* _Problem_
All that should come back is the lines of the data below from the one containing "2019 Toyota Corolla" to the one containing "Stitched paisley print", inclusive, exactly as they stand.

* _Input material_

>>>

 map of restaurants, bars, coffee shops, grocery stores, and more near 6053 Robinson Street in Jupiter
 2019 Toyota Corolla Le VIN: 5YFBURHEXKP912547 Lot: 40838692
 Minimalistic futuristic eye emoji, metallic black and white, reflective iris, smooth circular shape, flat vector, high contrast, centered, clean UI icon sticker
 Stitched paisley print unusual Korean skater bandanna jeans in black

<<<
>>>

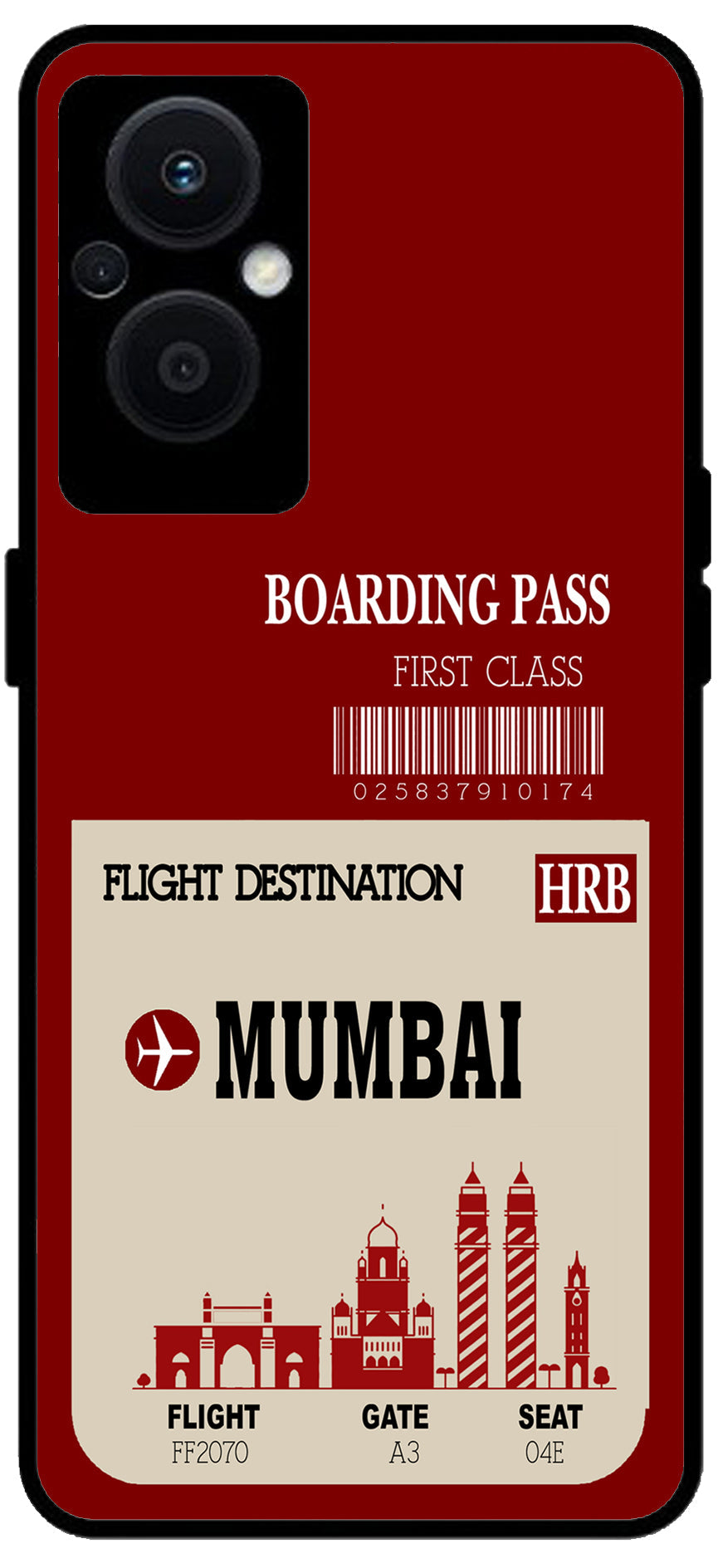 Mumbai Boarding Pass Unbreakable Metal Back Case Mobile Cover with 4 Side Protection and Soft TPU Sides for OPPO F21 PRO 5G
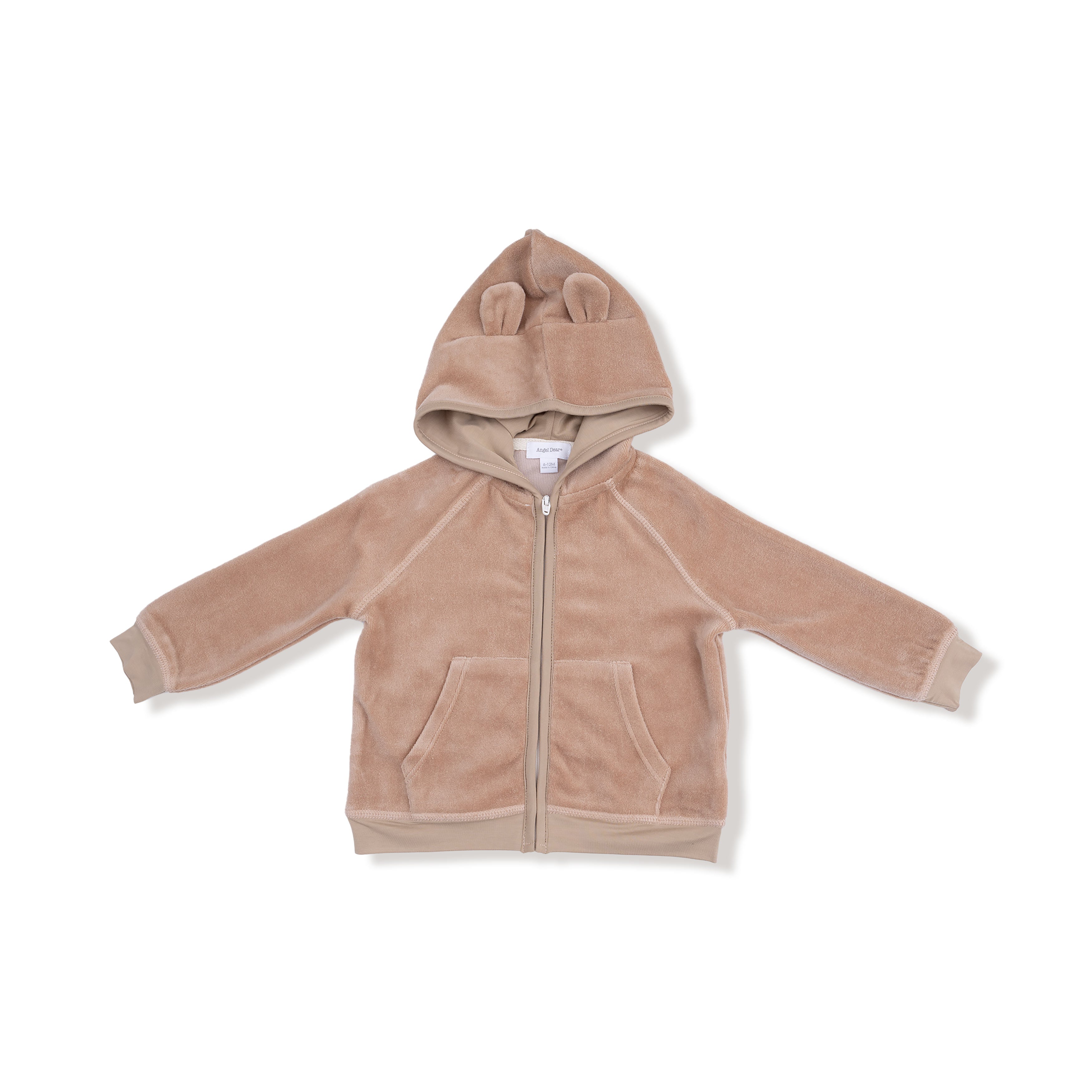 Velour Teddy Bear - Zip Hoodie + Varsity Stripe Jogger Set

<<<
>>>

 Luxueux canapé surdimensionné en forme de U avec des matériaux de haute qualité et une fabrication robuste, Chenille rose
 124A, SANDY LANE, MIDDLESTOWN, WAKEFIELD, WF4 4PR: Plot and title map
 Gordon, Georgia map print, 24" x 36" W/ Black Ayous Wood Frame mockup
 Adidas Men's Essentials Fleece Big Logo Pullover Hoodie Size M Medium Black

<<<

* _Finished exercise_
 2019 Toyota Corolla Le VIN: 5YFBURHEXKP912547 Lot: 40838692
 Minimalistic futuristic eye emoji, metallic black and white, reflective iris, smooth circular shape, flat vector, high contrast, centered, clean UI icon sticker
 Stitched paisley print unusual Korean skater bandanna jeans in black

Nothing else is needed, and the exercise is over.